While I’m no unconditional defender of the OLPC initiative — i.e. there are things I like, things I don’t, so I still don’t have a strong position for or against — I believe there are some statements Leinonen makes in his post that, IMHO, are not absolutely fair with the project.

I share most of his arguments but I don’t agree with some of them:

On one hand, I don’t think the project pretends that children “own” (in the sense of exclusive ownership he talks about) a computer. I honestly think is a matter of identifying the main user. Actually, the reason — I guess — behind giving the child a laptop and not giving it to the school is so he can take it home. By doing this, it is the whole family that receives the computer, and not only the child, so there is — at least potentially — a multiplier effect.
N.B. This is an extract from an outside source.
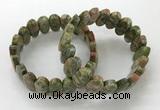 CGB3317 7.5 inches 10*20mm faceted oval unakite bracelets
Considering that the project is intended to serve mainly rural, isolated areas, providing a household with such a tool makes sense to me. I personally find the point that in general children do not own things quite excessive.
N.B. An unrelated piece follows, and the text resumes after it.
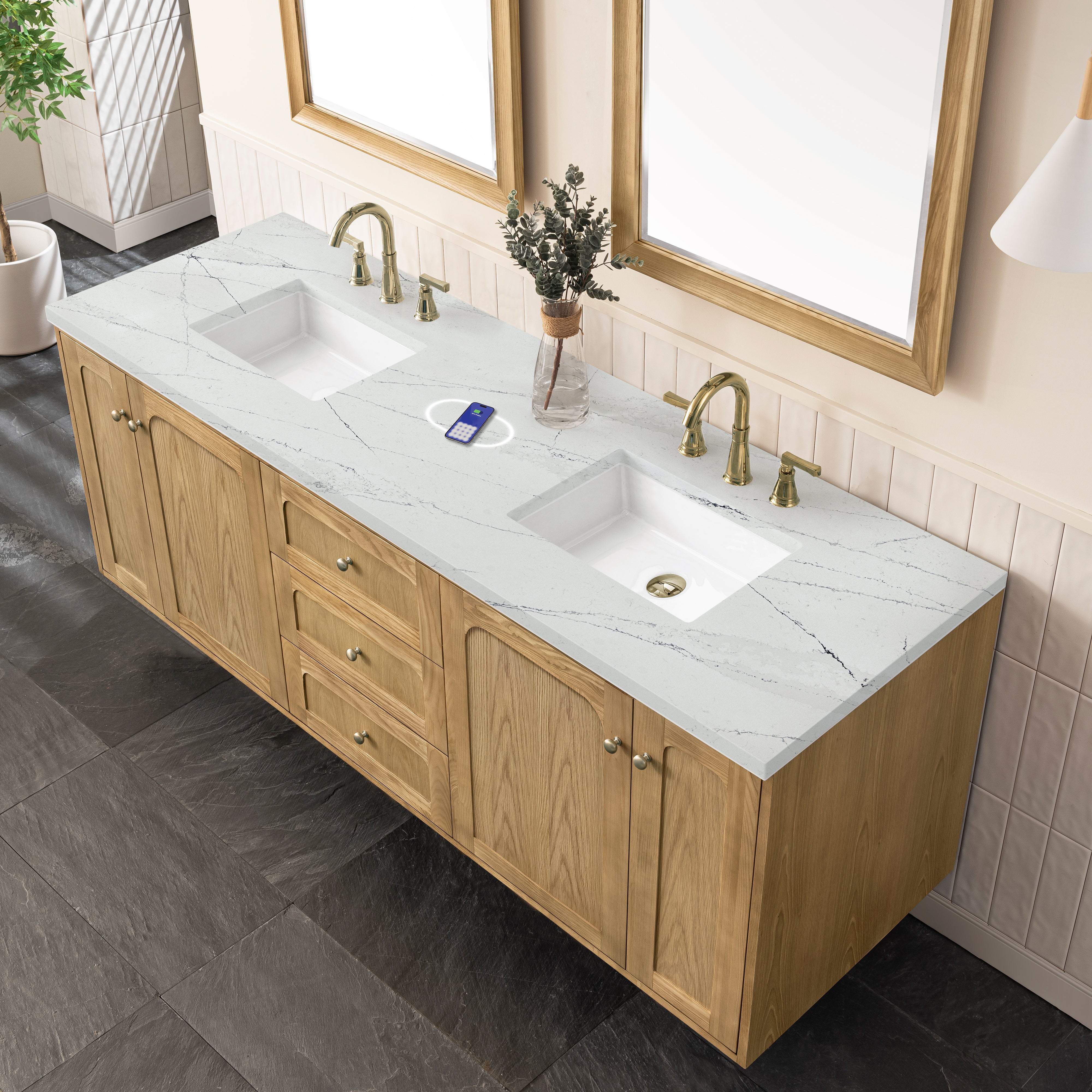 James Martin Laurent 72" Double Vanity in Light Natural Oak with 3cm Countertop and FreePower Wireless Charger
A second derivative (critique) of assigning not an institution but an individual — the child — the computer is that it goes against all values that foster sharing, community building and so. I would fully agree with such a critique if the XO computer had not a strong bet on mesh networking. I absolutely believe this does make a difference. By mesh networking sharing is boosted to the maximum — at least potentially, of course — and what could be seen as an individual tool becomes a networking node with many implications, including educational implications in both the field of knowledge and values.

Thus, the knowledge exchange that can take place in such an open and collaborative network is only enhanced by the huge amount of content embedded in the computer by default. Besides the fact that, as the software, this content can be localized — and this is a (soft) countercritique to the project’s (supposed lack of) sensibility towards different cultures and traditions — by bringing such content home, at least two things happen: the first one, as stated before, the whole family benefits from having that laptop home and not at the school; the second one is that that content stays with the student. If this student lives away from the school and spends there little time — specially compared to developed countries — it is not trivial that the more time he has access to content, the better. And just a remainder: if he is connected with other students wirelessly, the sense of “classroom” still exists, even if virtual.
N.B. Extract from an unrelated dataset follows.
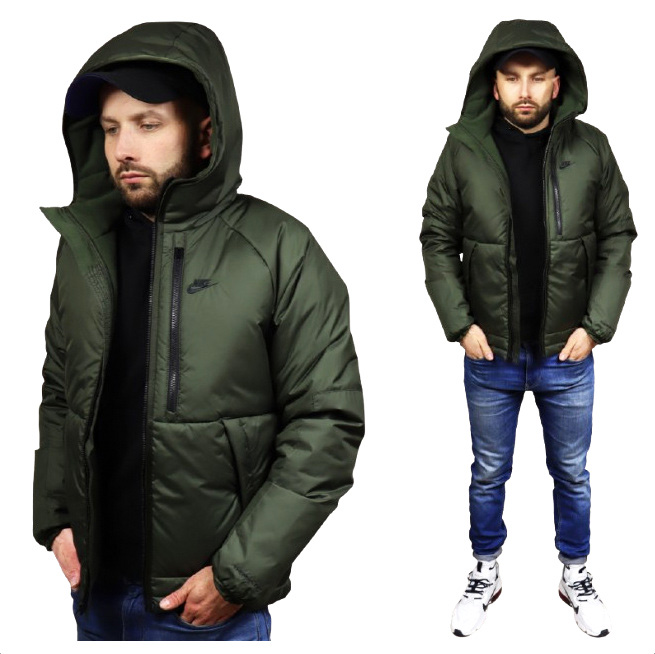 Nike Zimová s kapucí pánská zateplená teplá bunda Khaki pro každodenní nošení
There’s a last statement on Leinonen’s article that caught me by surprise and might be due to my ignorance on the project: the OLPC seems to believe that learning programming is the key to all other learning. I must confess it’s the first time I read this argument. If it were true, I’d be sharing most of the criticism around it. Nevertheless, I’d rather add some clarifications about this issue. Regardless if coding is a key issue in one’s education, digital literacy absolutely is. And besides my own thoughts on how literacy will evolve in the future closely tied to digital literacy until they both become “just” literacy, evidence shows that skilled individuals — and this includes by large digital literacy — will have it much better to work and socialize in a Network Society. Just in economic terms, employability and productivity will rely very much in digital skills in a world where ICT-based services will be the locomotive of development, above all in emerging economies.

I want to insist that I share and find most of Leinonen’s critiques really relevant, but I also believe that most of the buzz around the One Laptop per Child project has taken place in geek environments, thus shifting the debate towards technological aspects, and hence infringing a technological bias to the project that, in its origin — and this is my own, personal opinion — the project had not.